Increased consumer complaints

  1. Since January 2000, CC has received insurance-related complaints at the average rate of about 400 cases a year. There were 230 cases between January and August 2010. The number has risen over the past 10 years (see attached table).
     
  2. In addition to regular problems such as consumers being refused coverage, excessive increase in insurance premiums, refusal or delay in compensation, as well as sales agents' provision of false or misleading information on 'guaranteed' dividend/bonus, contribution period, early surrender of policy, there has been increase in recent years in the number of complaints concerning newly emerged investment-linked insurance products (31 cases in 2007, 51 cases in 2008 and 42 cases in 2009) and the issue involved are becoming more and more complex.
     
  3. CC is of the view that if industry self-regulation cannot provide adequate protection to consumers, there is a need to consider alternative regulatory models, such as the establishment of an independent regulator.
     

Lack of confidence in industry self-regulation

  1. The advantage of industry self-regulation is that regulators are familiar with industry operation and would be in a better position to grasp the crux of problems, so that the problems could be handled and resolved swiftly. On the other hand, some may perceive that with self-regulatory bodies dealing with complaints about their industry members, the mode of "putting your own house in order" lacks impartiality. It is questionable to the public whether self-regulatory bodies sponsored or supported by industry members would play an effective role in monitoring members' compliance.
     
  2. At present, three trade bodies perform the role of self-regulators (the self-regulatory organizations, SROs) in respect of insurance intermediaries. There are role conflicts and potential conflict of interests. As these SROs are trade bodies financed by their members, they may be hesitant with taking strict disciplinary action lest there are members' complaints. Even with the involvement of some non-industry members in the handling of complaints, it is still difficult to dispel public perception that the SROs will be biased towards the industry.
     
  3. In addition, the SROs have limited investigatory and sanctioning powers which constrain them from making full and effective regulation of the insurance industry. For instance, they cannot inspect a company's documents and accounts (these are industry trade secrets) for carrying out detailed investigations. As sanctions that can be applied are primarily suspension or revocation of membership which are very severe, the SROs may take a lenient approach in dealing with non-complying members.
     
  4. Furthermore, consumers may have difficulty looking for the appropriate regulatory bodies to handle their complaints in view of the present fragmented regulation.

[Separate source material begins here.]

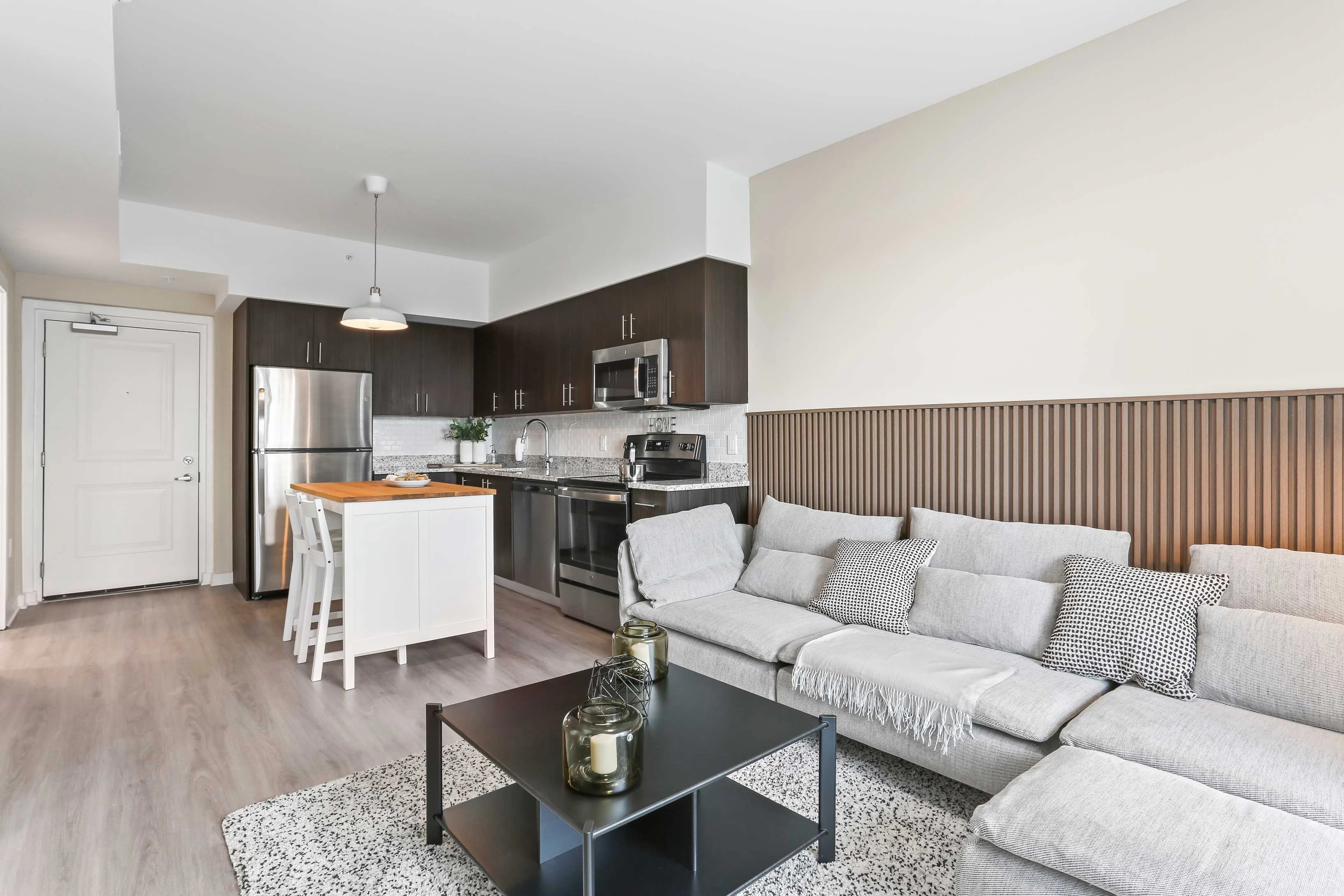 Stylish Modern Apartment Interior A modern living area featuring a cozy gray sectional sofa, a black coffee table, and a bright kitchen in the background with stainless steel appliances and dark cabinetry.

CC believes that having an independent statutory body to assume direct supervisory and disciplinary roles over the insurance industry can be more objective and impartial. Its credibility and public acceptance can also enhance consumer confidence in the insurance industry
     

The proposed IIA

  1. CC supports the establishment of the IIA to improve the existing insurance regulatory regime and enhance the protection of the interest of existing and potential policyholders. With respect to some of the proposals in the consultation paper, CC has the following views:
     

Regulatory functions

  1. In relation to the proposal of vesting the Hong Kong Monetary Authority (HKMA) with powers similar to the IIA for HKMA to regulate bank staff selling insurance products, CC considers that caution should be taken to avoid any overlap in regulatory efforts resulting in increased supervision costs which may ultimately be passed onto consumers. Or there could be regulatory gaps as a result of ambiguity in their respective role and responsibility, likewise, inconsistency in regulation (in terms of rules and execution) can lead to regulatory arbitrage to the detriment of consumer interests.
     
  2. As a new dedicated Investor Education Council is to be set up, CC considers that necessary arrangements should be made by the IIA with organizations currently engaged in promoting consumer understanding of insurance products to ensure there is close collaboration with these organizations to avoid wasting resources.
     
  3. Many of the insurance complaints received by CC concern excessive increases in insurance premiums and consumers being misled into buying inappropriate insurance products. CC is therefore of the view that the public would have expectation of the IIA, as an independent entity, to play an active role to address their concerns, thereby ensuring the interests of policyholders are effectively protected.
     

Levy

  1. It is proposed in the consultation paper that part of the funding of the IIA is to be raised from a levy of 0.1% on insurance premiums for all insurance policies, and that about 70% of the expenditure of the IIA is to be met by this levy ultimately. Nevertheless, the Government has not stated in the consultation paper who will pay the levy.
     
  2. As seen from many regulators in Hong Kong (e.g. HKMA, the Mandatory Provident Fund Authority, and the Hong Kong Deposit Protection Board) and financial regulators in other jurisdictions (e.g. the Financial Services Authority of the UK, the Office of the Superintendent for Financial Institutions of Canada, the Federal Deposit Insurance Corporation of the US), the funding sources of these regulatory agencies are largely derived from industries, instead of having consumers pay for the cost of industry regulation.
     
  3. CC is of the view that the Government should make clear to the public who will pay for the levy on the policies.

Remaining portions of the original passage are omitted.